Your task is to print all of the data below exactly, with no pictures included.

━━━━━━

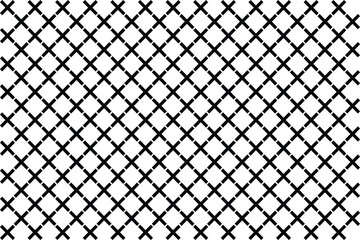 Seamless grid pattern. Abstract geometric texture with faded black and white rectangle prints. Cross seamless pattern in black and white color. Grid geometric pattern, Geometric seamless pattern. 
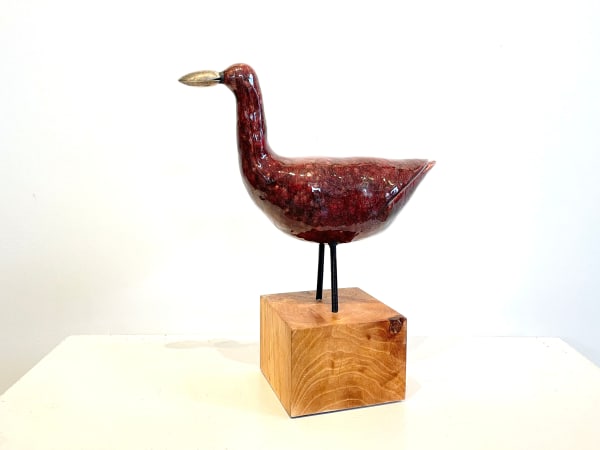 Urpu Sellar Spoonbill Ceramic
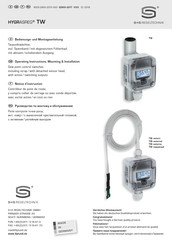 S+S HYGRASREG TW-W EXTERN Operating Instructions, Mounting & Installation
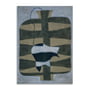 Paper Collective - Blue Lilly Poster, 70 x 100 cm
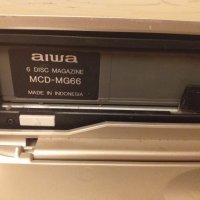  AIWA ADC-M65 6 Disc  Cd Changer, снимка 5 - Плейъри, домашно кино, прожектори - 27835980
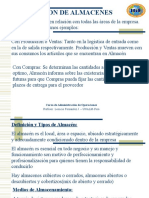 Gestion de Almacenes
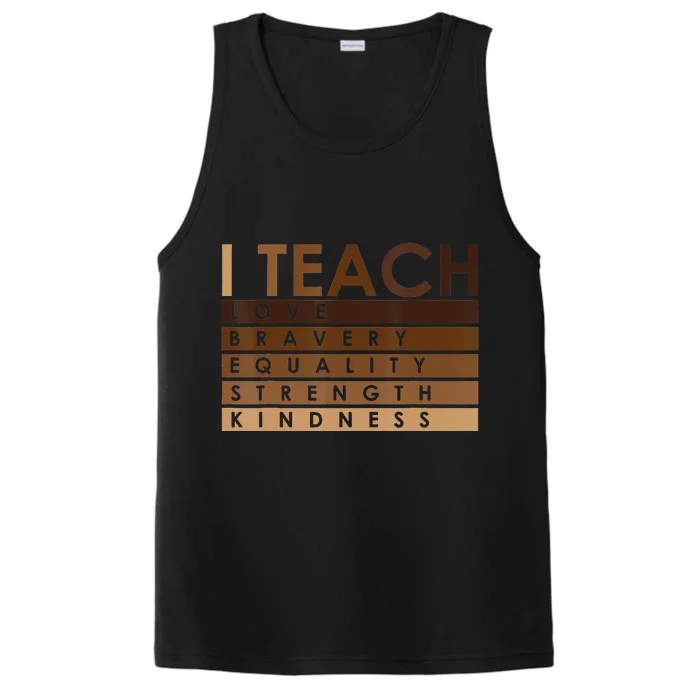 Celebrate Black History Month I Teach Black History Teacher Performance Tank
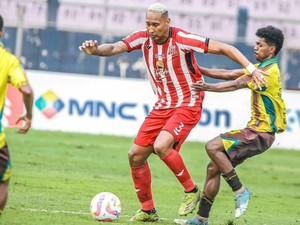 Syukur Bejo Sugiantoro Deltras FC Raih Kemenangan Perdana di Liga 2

━━━━━━

◆ The answer:
 Seamless grid pattern. Abstract geometric texture with faded black and white rectangle prints. Cross seamless pattern in black and white color. Grid geometric pattern, Geometric seamless pattern. 
 Urpu Sellar Spoonbill Ceramic
 S+S HYGRASREG TW-W EXTERN Operating Instructions, Mounting & Installation
 Paper Collective - Blue Lilly Poster, 70 x 100 cm
  AIWA ADC-M65 6 Disc  Cd Changer, снимка 5 - Плейъри, домашно кино, прожектори - 27835980
 Gestion de Almacenes
 Celebrate Black History Month I Teach Black History Teacher Performance Tank
 Syukur Bejo Sugiantoro Deltras FC Raih Kemenangan Perdana di Liga 2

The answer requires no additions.